1位思考Photo: Adobe Stock

MECEとは?

 前回、デカルトの名言をもとに、因数分解の話をした。

 本書第4章は「因数分解の習慣」である。

 因数分解ができたら要素の関係性を考える。

 MECE(Mutually Exclusive and Collectively Exhaustive)という用語を聞いたことがある方も多いかもしれない。

 直訳すると「互いに重複せず、全体として漏れがない」という意味だが、いわゆる「漏れなく、ダブりなく」という理解で問題ない。

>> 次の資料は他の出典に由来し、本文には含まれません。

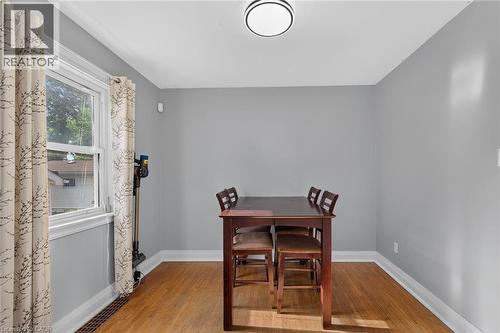 Hardwood flooring, light gray wall finishes, white trim, and a ceiling-mounted light fixture - 75 Barons Avenue S, Hamilton, ON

 ビジネスの課題が大きく複雑であるほど、直接的な打ち手はすぐにはわからない。

 先の例なら、「売上を上げてほしい」と上司から言われても、何をすべきかすぐわかる場合は少ないだろう。

 ただし、ただ分けるのと、MECEを気にして分けるのはまったく違う。

 分解に漏れやダブりがあると、解決できなかったり、何度も同じことを繰り返すはめになったりする。

分解と大局観

 分解するには、本書第1章「全体最適の習慣」で触れた「大局観」が重要だ。

 まず森を見て、それから木を見るというイメージ。全体を見ないと分解できない。

 夢中になって考えごとをしていると、視野がどんどん狭くなり、細かいところにこだわりすぎて全体が見えなくなってしまうが、俯瞰的に全体を見ながら、漏れなく、ダブりなく見ていこう。

 モバイルバッテリーを例にすれば、まずは市場全体を把握してみる。

 オンラインで売れているのか、オフライン店舗で売れているのか。

 オンラインでの販売が大きい場合、その中でお客様の検討ポイントは何か。

 仮に「容量あたりの価格」を重視している人が多いことがわかったとしよう。

 すると、「モバイルバッテリーの売上を伸ばすにはどうするか?」というぼんやりとした課題が、「オンラインでよく売れている容量帯において、競合比較で価格優位性がある製品をつくれるか」とより具体的に変わってくる。

 この例は単純化しているので、すべての課題が同じように一つの打ち手により解決できるわけではないが、効果の高い打ち手の優先順位づけをするうえでも有用だ。

 分解することで打ち手の仮説が自然と立てやすくなるのだ。